= Beginning of Section =
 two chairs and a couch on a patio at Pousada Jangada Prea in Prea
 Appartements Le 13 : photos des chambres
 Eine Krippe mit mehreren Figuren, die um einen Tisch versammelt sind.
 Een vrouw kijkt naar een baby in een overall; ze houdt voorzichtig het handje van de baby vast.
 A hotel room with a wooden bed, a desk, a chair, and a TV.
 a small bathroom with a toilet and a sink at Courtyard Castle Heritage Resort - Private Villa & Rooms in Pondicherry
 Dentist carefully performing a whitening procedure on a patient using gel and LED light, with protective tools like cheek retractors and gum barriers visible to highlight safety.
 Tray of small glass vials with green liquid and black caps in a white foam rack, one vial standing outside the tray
= End of Section =
## Aim of the exercise
Copy out the records above exactly.

## Task response
 two chairs and a couch on a patio at Pousada Jangada Prea in Prea
 Appartements Le 13 : photos des chambres
 Eine Krippe mit mehreren Figuren, die um einen Tisch versammelt sind.
 Een vrouw kijkt naar een baby in een overall; ze houdt voorzichtig het handje van de baby vast.
 A hotel room with a wooden bed, a desk, a chair, and a TV.
 a small bathroom with a toilet and a sink at Courtyard Castle Heritage Resort - Private Villa & Rooms in Pondicherry
 Dentist carefully performing a whitening procedure on a patient using gel and LED light, with protective tools like cheek retractors and gum barriers visible to highlight safety.
 Tray of small glass vials with green liquid and black caps in a white foam rack, one vial standing outside the tray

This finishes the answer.